Several systematic reviews have been published addressing the question of the effect of a particular treatment for LBP. Conclusions from many of these reviews are based on qualitative analysis. This type of analysis uses various levels of evidence (from “strong” to no “evidence”) regarding the effectiveness of a treatment taking into account the participants, interventions, controls, outcomes, and methodological quality of the original studies [80]. Quantitative analysis, on the other hand, is a statistical approach involving pooling data (meta-analysis) that provides an overall effect estimate, which allow direct comparing between effects of different treatments.

The objective of the present study was to synthesize the results of randomized controlled trials (RCT) for common LBP treatments comparing the interventions to placebo/sham or no-treatment comparison groups, to estimate a pooled effect size for each treatment, and compare them with each other.

Methods

Study selection

We searched for RCT from systematic reviews of treatment of acute and chronic non-specific LBP in the latest issue of the Cochrane Library, issue 2, 2005 and used Medline/Pubmed, Embase, Cinhal, and Amed to search for additional papers limiting the search from the time of the last search in each Cochrane review until December 2005. The following terms were used for the search: LBP (Mesh) or LBP (tw), placebo effect (Mesh). In addition, RCT keywords were used for the search: “LBP” and the name of the treatment of current interest (i.e., exercise, manipulation, behavioral treatment, NSAIDs, and acupuncture) [80].
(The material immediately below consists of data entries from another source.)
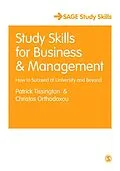 E-Book (pdf) Study Skills for Business and Management von Patrick Tissington, Christos Orthodoxou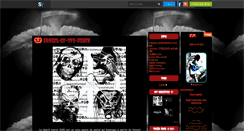 Desktop Screenshot of angel-u-s.skyrock.com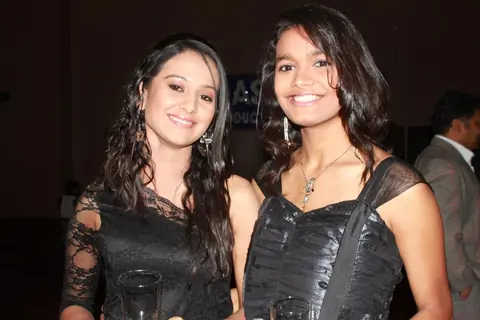 Heena Parmar at Shashi-Summit success party for their shows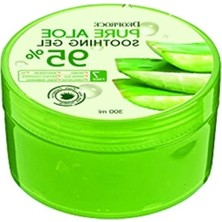 Erdo Ticaret Aloe Vera Içeren Yüz ve Vücut Besleyici Jel 300 ml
Low-back pain was defined as pain located below the scapulas and above the cleft of the buttocks [81] and non-specific LBP was defined as back pain not attributable to a recognizable, known specific pathology (i.e., infection, tumors, osteoporosis, fracture, structural deformity, inflammatory disorder, radicular syndrome, or cauda equina syndrome) [87]. Three criteria defined relevant trials: (1) the trials should compared the treatment to a no-treatment comparison group, (2) the trials should investigate an unselected and general population, and (3) the treatment should be practiced and be available in several countries.
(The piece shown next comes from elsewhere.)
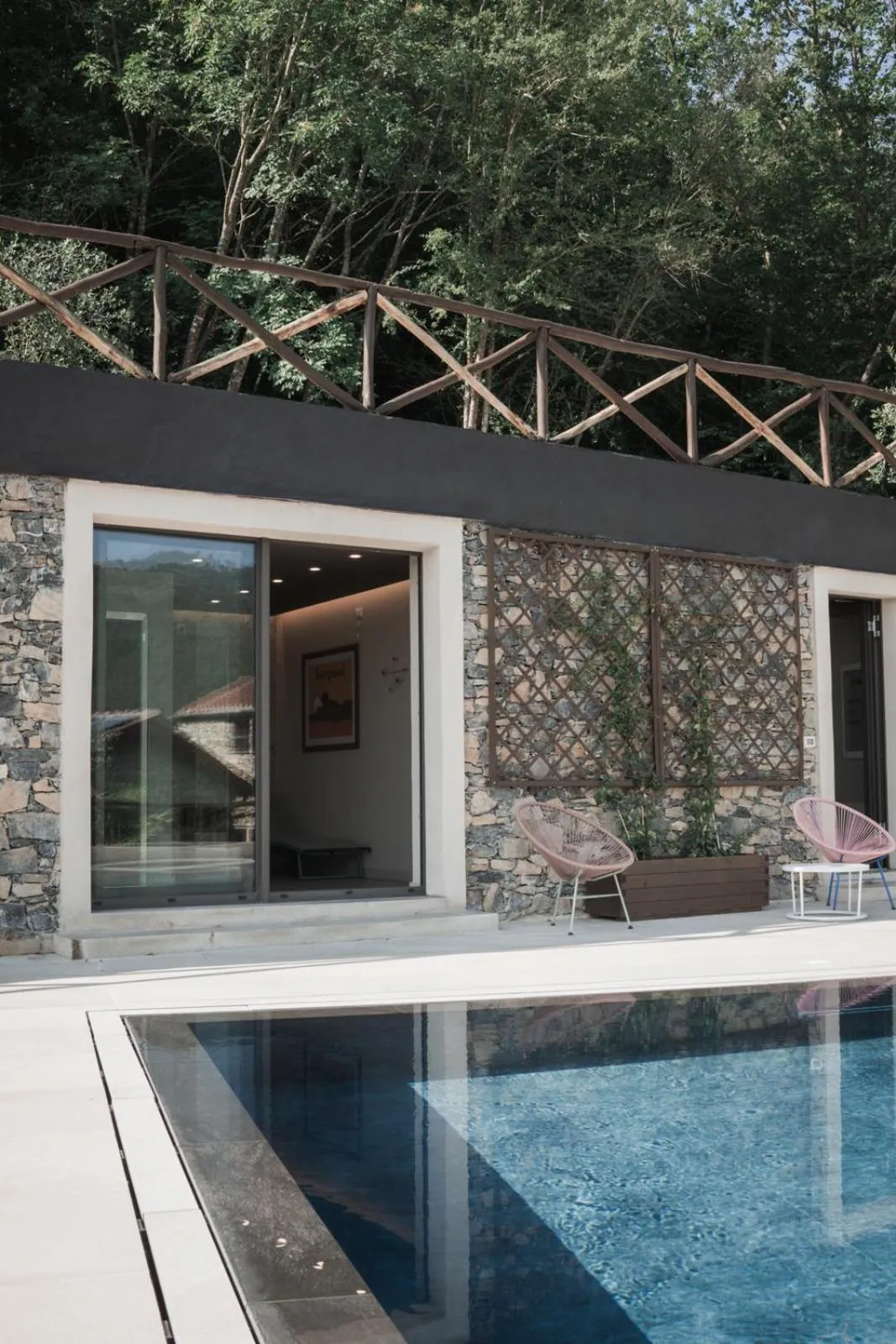 Spa and wellness centre/facilities in Borgata Cantone Country House B&B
The no-treatment comparison groups included subjects receiving placebo, sham treatments, no treatment, or those on a waiting list. Waiting-list implied that the patients were waiting for a treatment for their back pain. Placebo was defined as a medicine which has no inherent pertinent pharmacologic activity, but which is effective by virtue of the factor of suggestion attendant upon its administration. Sham treatment was defined as procedures where medical personal goes through the motions without actually performing the treatment such as sham acupuncture for acupuncture or detuned Transcutaneous electric nerve stimulation (TENS). No treatment implied that the patients were not prescribed any drugs by the physician or recommended any treatment or home exercises for their back pain from any other medical personnel. They could, however, receive a booklet with advice about daily activities.
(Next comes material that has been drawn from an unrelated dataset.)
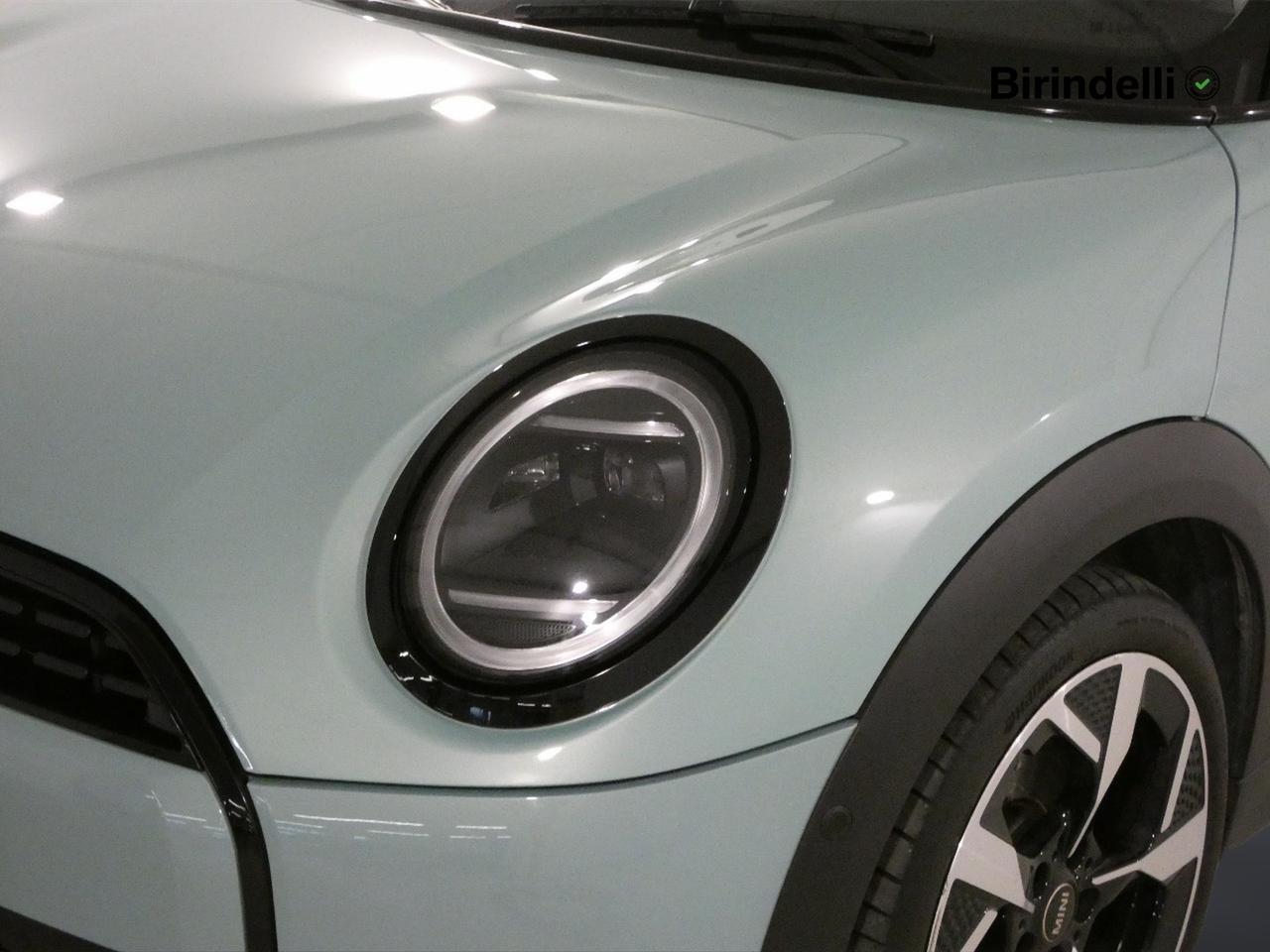 MINI Mini 5ª serie (F66) - Mini Cooper C Classic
We looked separately at trials investigating acute and subacute/chronic LBP. Acute LBP was defined as duration of pain less than 6 weeks and the subacute/chronic condition more than 6 weeks.

Outcome measures

Outcomes were self-reported pain intensity and self-reported physical functioning. In the LBP literature, several outcome measures have been used to assess the construct of pain intensity [for example, 10 cm or 100 mm visual analogue scale (VAS), McGill Pain Questionnaire, and numeric (11, 21, or 101 points) rating scale (NRS)] [86]. LBP-specific functioning can also be measured with various instruments [for example, Oswestry Disability Index (0–100), Quebec Back Pain Disability Scale (0–100), and the 24-point Roland Morris Disability Questionnaire] [44]. We used the standardized mean difference (SMD) to estimate the treatment effect of the individual trials for similar constructs. This will allow direct comparison of studies, which used different measures of sufficiently similar constructs [19].

Data extraction

Data were extracted from the included trials separately both for acute and subacute/chronic LBP, and also for short-term (assessment closest to 6 weeks after randomization) and long-term (assessment between 6 and 12 months after randomization) follow-up. We extracted effect sizes estimated as SMD and Relative Risk (RR) or data for calculation of effect size. Cohen categorized effect size values as small (ES: 0.2–0.5), moderate (ES: 0.5–0.8), and large (ES: >0.8) [16] but it is uncertain how this applies to the field of LBP.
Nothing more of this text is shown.